It is immediately clear from the opening piece "Preludio" that this is music composed with an unusually clear sense of structure and direction. As a classically trained pianist, Francesco Gennari has a solid grounding in music theory and he applies this knowledge to modular synths, with an authentic desire for experimentation and some serious chops; he can play. What elevates this debut recording even further is his ability to develop complex pieces from simple themes, while injecting energy and a sense of aggression and dynamics into his music.

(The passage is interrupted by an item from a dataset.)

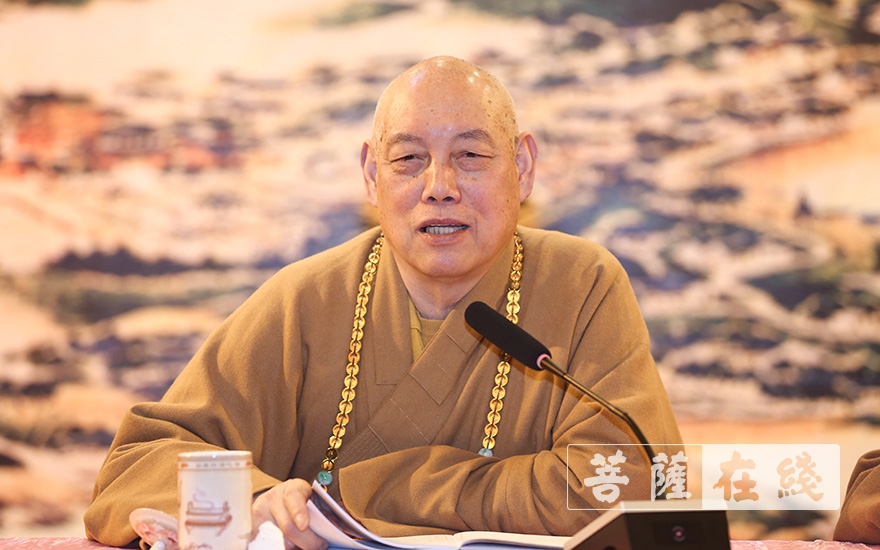 普陀山-普陀山普济禅寺举行全体僧众、职工大会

Having grown up during the prog rock heyday of the early 1970s, knee deep as we were in the truly awful and the absolutely bloody magnificent, I hesitated to refer to Gennari as "classically trained." Back then, and particularly when applied to guitarists or keyboard players, this phrase became almost a code word for impressive speed and an elite technique almost inevitably leading to impressive dullness and top notch overcomplexity. No such pitfalls with Frammenti, though, and there is not a dull moment on this entire album. It smacks of a brilliant sci-fi soundtrack. In fact if I were Ridley Scott I'd redo Blade Runner, keeping the best bits of Vangelis, erasing all traces of the white dove, and liberally applying some Frammenti. (Then I'd also demand that Dennis Villeneuve recall and destroy all copies of Blade Runner 2049 but that's another story).
Among the many highlights I hear an abrasive delicacy in "Ardere" with its shockingly brilliant expanding and splintering crescendo. "Mimosa" exemplifies how Gennari can hone in on sleek repetition and then stick to his guns, by all means deviating simple patterns but never losing the plot by doing so too wildly. "Rifugio" is mind blowing good—as if crystalline drips of hyper sound are bouncing off the skin of an alien surface stretched tighter than a drum. The piece has amazing textures and a lush, aching, sonorous quality.
There is an algebraic quality to all these compositions, as Gennari uses counterpoint and harmonic development to extrapolate his fairly simple chosen melodic and rhythmic themes. There are also emotional elements too. Frammenti has a near-perfect balance of winning restraint, with experimentation and textural distortion enjoyed but not allowed to obliterate or even obscure these rather thrilling and affecting tunes.